▶ _What is expected_
The output should be the line containing "Detail of colorful" and every later line of the records, exactly as written, and nothing else.

===== Study material =====

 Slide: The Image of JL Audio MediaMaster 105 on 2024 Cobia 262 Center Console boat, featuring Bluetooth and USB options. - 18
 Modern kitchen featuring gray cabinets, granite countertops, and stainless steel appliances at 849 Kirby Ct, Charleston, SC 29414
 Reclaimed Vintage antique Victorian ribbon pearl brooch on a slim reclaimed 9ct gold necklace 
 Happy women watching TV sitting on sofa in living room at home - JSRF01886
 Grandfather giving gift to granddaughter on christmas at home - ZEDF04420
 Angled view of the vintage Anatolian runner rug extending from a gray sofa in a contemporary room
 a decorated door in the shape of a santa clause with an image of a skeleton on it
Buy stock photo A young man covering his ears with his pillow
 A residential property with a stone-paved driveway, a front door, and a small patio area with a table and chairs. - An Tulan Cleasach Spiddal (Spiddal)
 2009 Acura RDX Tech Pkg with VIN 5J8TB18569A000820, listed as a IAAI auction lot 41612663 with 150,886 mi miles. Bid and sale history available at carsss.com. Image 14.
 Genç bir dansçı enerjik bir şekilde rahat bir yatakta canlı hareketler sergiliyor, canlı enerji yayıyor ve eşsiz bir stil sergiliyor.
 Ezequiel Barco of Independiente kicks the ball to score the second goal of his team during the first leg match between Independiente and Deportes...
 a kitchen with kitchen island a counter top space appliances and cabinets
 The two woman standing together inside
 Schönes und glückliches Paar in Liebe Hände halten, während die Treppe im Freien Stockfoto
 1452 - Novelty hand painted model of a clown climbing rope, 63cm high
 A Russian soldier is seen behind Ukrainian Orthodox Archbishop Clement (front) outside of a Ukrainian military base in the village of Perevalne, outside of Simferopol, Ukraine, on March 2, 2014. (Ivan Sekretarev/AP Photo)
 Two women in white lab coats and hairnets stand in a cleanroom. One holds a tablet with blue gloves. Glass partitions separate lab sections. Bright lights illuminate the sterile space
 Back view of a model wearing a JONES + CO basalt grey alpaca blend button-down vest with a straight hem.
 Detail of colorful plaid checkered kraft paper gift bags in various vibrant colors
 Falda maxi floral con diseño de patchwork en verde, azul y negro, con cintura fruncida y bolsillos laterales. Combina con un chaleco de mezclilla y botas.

=====

▶ _Solved problem_
 Detail of colorful plaid checkered kraft paper gift bags in various vibrant colors
 Falda maxi floral con diseño de patchwork en verde, azul y negro, con cintura fruncida y bolsillos laterales. Combina con un chaleco de mezclilla y botas.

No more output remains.